- _Task details_
In the material below, find the line containing "CLASSIC GOLD 3MM BRACELET10MM PEARL CHARM" and the line containing "Vintage Santa Claus", then reproduce exactly both of them and every line between, and nothing else.

- _Records for processing_
_ _ _ _
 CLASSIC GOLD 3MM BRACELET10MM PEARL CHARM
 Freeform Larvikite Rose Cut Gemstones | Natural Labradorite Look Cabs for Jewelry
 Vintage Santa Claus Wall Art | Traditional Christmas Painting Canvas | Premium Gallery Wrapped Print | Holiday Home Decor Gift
_ _ _ _
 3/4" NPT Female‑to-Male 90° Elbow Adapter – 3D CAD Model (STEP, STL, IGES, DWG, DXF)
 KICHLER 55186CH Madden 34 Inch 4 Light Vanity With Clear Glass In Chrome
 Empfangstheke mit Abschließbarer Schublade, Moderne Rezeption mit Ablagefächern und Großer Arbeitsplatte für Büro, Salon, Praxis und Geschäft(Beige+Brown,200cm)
_ _ _ _
- _Expected answer_
 CLASSIC GOLD 3MM BRACELET10MM PEARL CHARM
 Freeform Larvikite Rose Cut Gemstones | Natural Labradorite Look Cabs for Jewelry
 Vintage Santa Claus Wall Art | Traditional Christmas Painting Canvas | Premium Gallery Wrapped Print | Holiday Home Decor Gift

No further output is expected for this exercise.